If your records are really in MARC8 not UTF8, your best bet is to use a tool to 
convert them to UTF8 before hitting your XSLT.

The open source 'yaz' command line tools can do it for Marc21.

The Marc4J package can do it in java, and probably work for any MARC variant 
not just Marc21.

Char encoding issues are tricky. You might want to first figure out if your 
records are really in Marc8, thus the problems, or if instead they illegally 
contain bad data or data in some other encoding (Latin1).

Char encoding is a tricky topic, you might want to do some reading on it in 
general. The Unicode docs are pretty decent.

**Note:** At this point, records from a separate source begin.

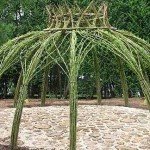 Як зробити альтанку з верби в саду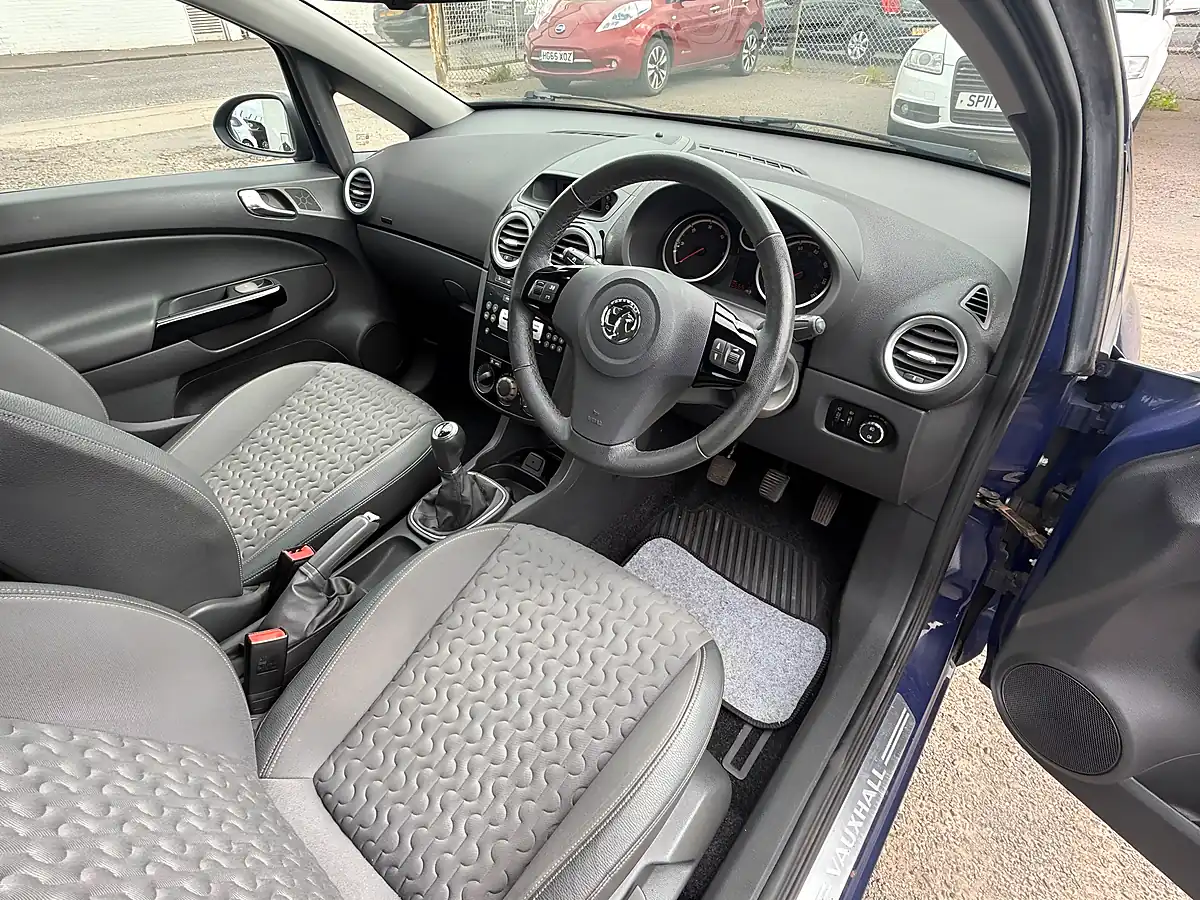 Used 2014 Vauxhall Corsa Se Blue - Interior and Exterior details 9
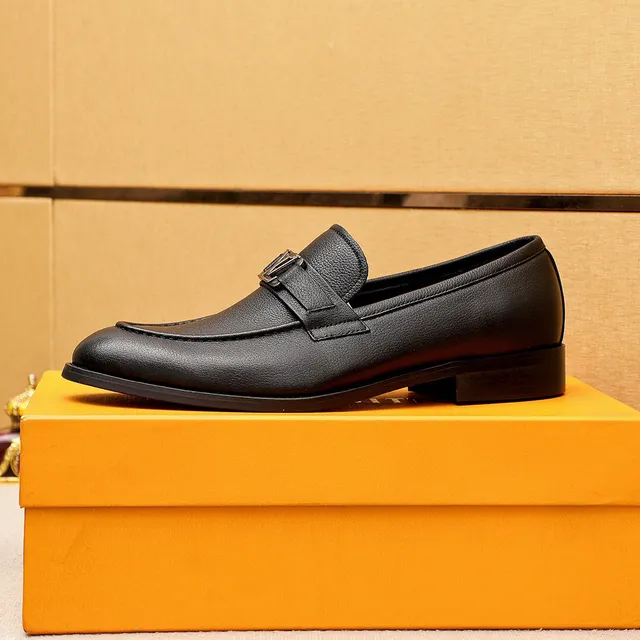 Louis Vuitton LV Buckle Loafer Black Pebbled Leather Loafers 5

On 4/19/2012 11:06 AM, Deng, Sai wrote:

Hi list,
I am a Metadata librarian but not a programmer, sorry if my question seems 
naïve. We use XSLT stylesheet to transform some harvested DC records from 
DSpace to MARC in MarcEdit, and then export them to OCLC.
Some characters do not display correctly and need manual editing, for example:
In MarcEditor   
Transferred to OCLC   Edit in OCLC
Bayes’ theorem  
Bayes⁰́₉ theorem  Bayes' theorem
―it won‘t happen here‖ attitude ⁰́₅it won⁰́₈t happen here⁰́₆ attitude   
it won't happen here attitude
“Generation Y”  ⁰́₋Generation Y⁰́₊
  Generation Y
listeners‟ evaluationslisteners⁰́Ÿ evaluations  
listeners' evaluations
high school – from high school ⁰́₃ from 
  high school – from
Co₀․₅Zn₀․₅Fe₂O₄  Co²́⁰⁰́Þ²́⁵Zn²́⁰⁰́Þ²́⁵Fe²́²O²́⁴
   Co0.5Zn0.5Fe2O4?
μ  Îơ   

   μ
Nafion®Nafion℗ʼ 
 Nafion®
Lévy  L©♭vy 
   Lévy
43±13.20 years 43℗ł13.20 years  
43±13.20 years
12.6 ± 7.05 ft∙lbs  12.6 ℗ł 7.05 ft⁸́₉lbs   
   12.6 ± 7.05 ft•lbs
‘Pouring on the Pounds'  ⁰́₈Pouring on the Pounds'  
 

Re: [CODE4LIB] more on MARC char encoding

2012-04-19 Thread LeVan,Ralph
We see Unicode data pasted into MARC8 records all the time.  It happens enough 
that my MARC8-Unicode converter takes a second look at illegal MARC8 bytes and 
tries a UTF-8 encoding as well.

Ralph

-Original Message-
From: Code for Libraries [mailto:CODE4LIB@LISTSERV.ND.EDU] On Behalf Of 
Jonathan Rochkind
Sent: Thursday, April 19, 2012 3:14 PM
To: CODE4LIB@LISTSERV.ND.EDU
Subject: Re: more on MARC char encoding

Ah, thanks Terry.

That canned cleaner in MarcEdit sounds potentially useful -- I'm in a 
continuing battle to keep the character encoding in our local marc 
corpus clean.

(The real blame here is on cataloger interfaces that let catalogers save 
data that are illegal bytes for the character set it's being saved as. 
And/or display the data back to the cataloger using a translation that 
lets them show up as expected even though they are _wrong_ for the 
character set being saved as.  Connexion is theoretically the rolls 
royce of cataloger interfaces, does it do this? Gosh I hope not.)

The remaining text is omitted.